Doctors were further enabled to do selections by the shared sense that Auschwitz was morally separate from the rest of the world, that it was, as Dr. B. put it, “extraterritorial.”* He referred not to Auschwitz’s geographical isolation, but to its existence as a special enclave of bizarre evil, which rendered it exempt from ordinary rules of behavior. He also stressed its extreme contradictions as contributing to its function.

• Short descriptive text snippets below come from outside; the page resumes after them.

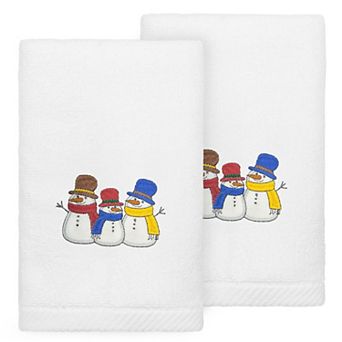 Linum Home Textiles Christmas Snow People Embroidered Luxury Turkish Cotton 2-Pack Hand Towels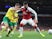 Christoph Zimmerman battles with Olivier Giroud during the EFL Cup game between Arsenal and Norwich City on October 24, 2017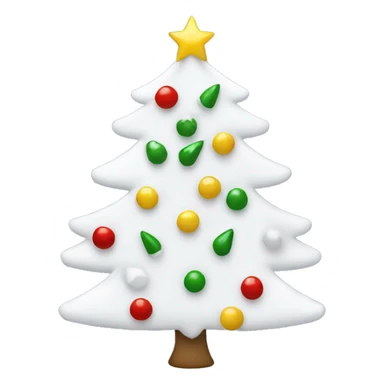 White Christmas tree with fingers as ornaments  sticker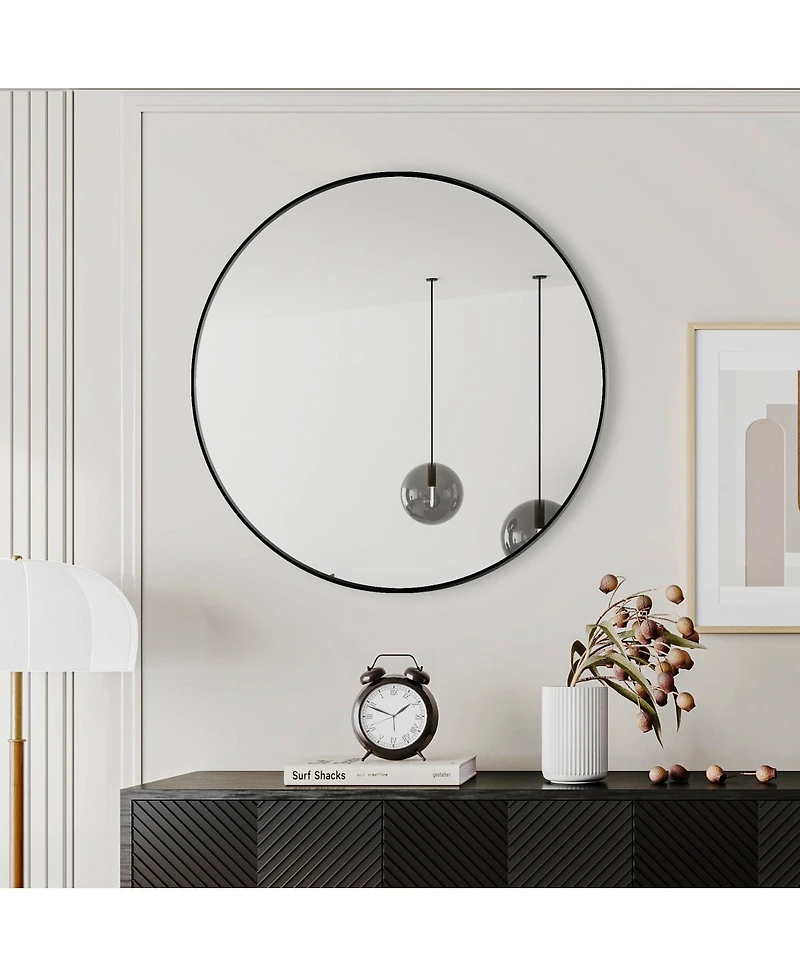Laoties 36" Large Round Wall Mirror, Modern Metal Circle Vanity Mirror for Bathroom, Entryway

For instance, he spoke of an aura of élite and highly detached military professionalism on the one hand, and of all-pervasive corruption on the other. That military professionalism, derived from both the SS and the earlier Prussian tradition, required ramrod posture, demeanor, and integrity and a form of self-control that would have made it “nconceivable ... to speak about [inner or intimate] feelings.” The underlying corruption was in the nature of shared open secrets involving all and, to a degree, contributing to cohesion: 
 
Every single SS man had so many possibilities for being corrupt in some way that almost everyone did something — had “dirt on his walking stick” [Dreck am Stecken]. And everyone knew about everyone else’s improper activity, which is why nothing ever came of it — because everyone knew about everyone else. That's why the SS troop Kommando always held together so well — at least externally. 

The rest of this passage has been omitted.